CN116629322B

CN116629322B - Segmentation method of complex morphological target

Info

Publication number: CN116629322B
Application number: CN202310919327.8A
Authority: CN
Inventors: 马千里; 李棋
Original assignee: Nanjing University of Posts and Telecommunications
Current assignee: Nanjing University of Posts and Telecommunications
Priority date: 2023-07-26
Filing date: 2023-07-26
Publication date: 2023-11-10
Anticipated expiration: 2043-07-26
Also published as: CN116629322A

Abstract

The invention provides a segmentation method of a complex morphological target, which comprises the following steps: an example segmentation data set is manufactured, and the data set is divided into a training set and a verification set; inputting the training set into an improved YOLOv5 example segmentation network for iterative training; detecting each iteration model by using a verification set, and judging convergence; and finally, outputting the instance segmentation network model after the convergence of the iteration model.

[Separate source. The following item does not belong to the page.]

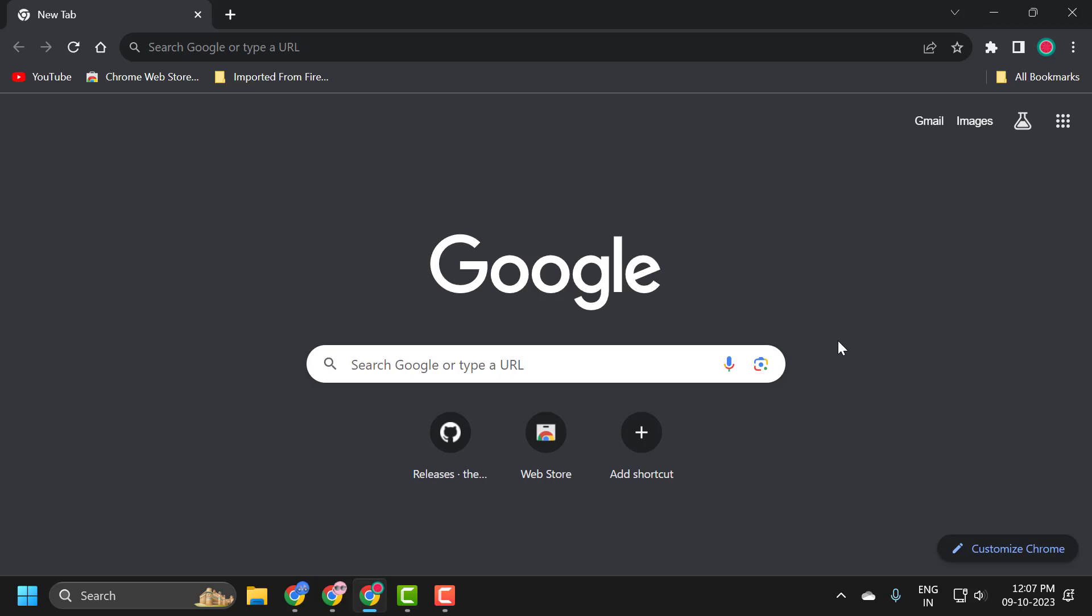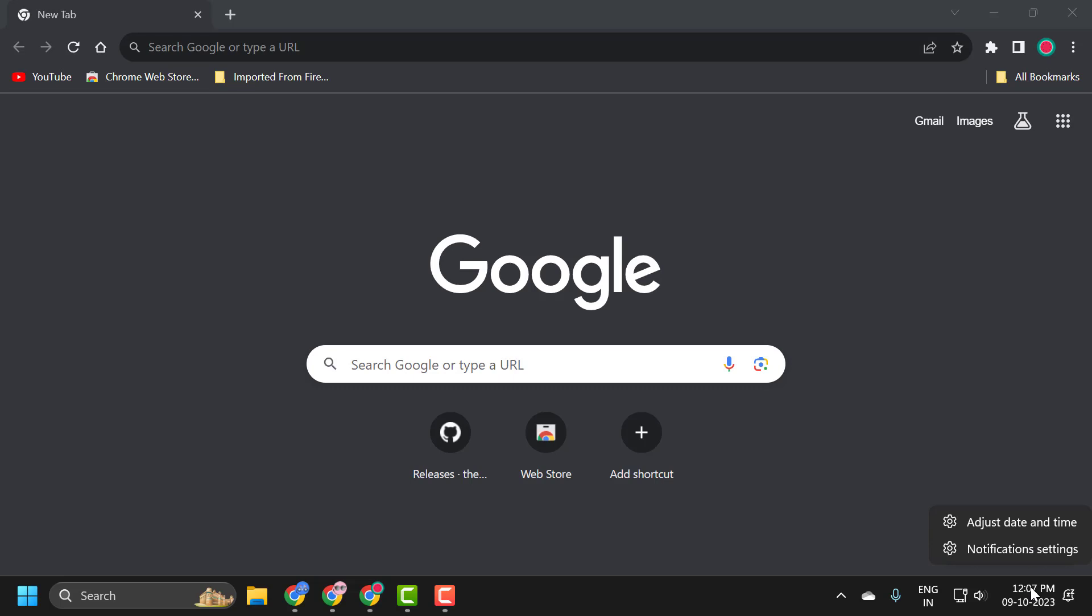I recommend looking at your date and time settings in your system tray. Make sure your date and time is correct over here. If not, you just need to right-click on it and select adjust date and time.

Compared with the prior art, the method can realize image-based instance segmentation, achieves detection of the morphological information and the positioning information of the complex morphological target, improves the detection precision of the complex morphological target, and simultaneously keeps a good detection speed.

Description

Segmentation method of complex morphological target

Technical Field

The invention relates to a segmentation method of a complex morphological target, and belongs to the technical field of image processing.

Background

In most living scenes, detection work needs to be carried out on targets of different categories according to different requirements, category, positioning and form information of the targets are conveniently obtained, and the required functions are achieved by carrying out subsequent processing. In order to meet the requirements, the research is divided into image processing, machine learning and deep learning methods, wherein the difficulty of an image processing algorithm is high, and generalization is weak; machine learning is more difficult for feature extraction; the convolutional neural network in the deep learning can realize the learning and extraction of the features in the image through the convolutional operation, has good detection precision and detection speed, and becomes a popular research field.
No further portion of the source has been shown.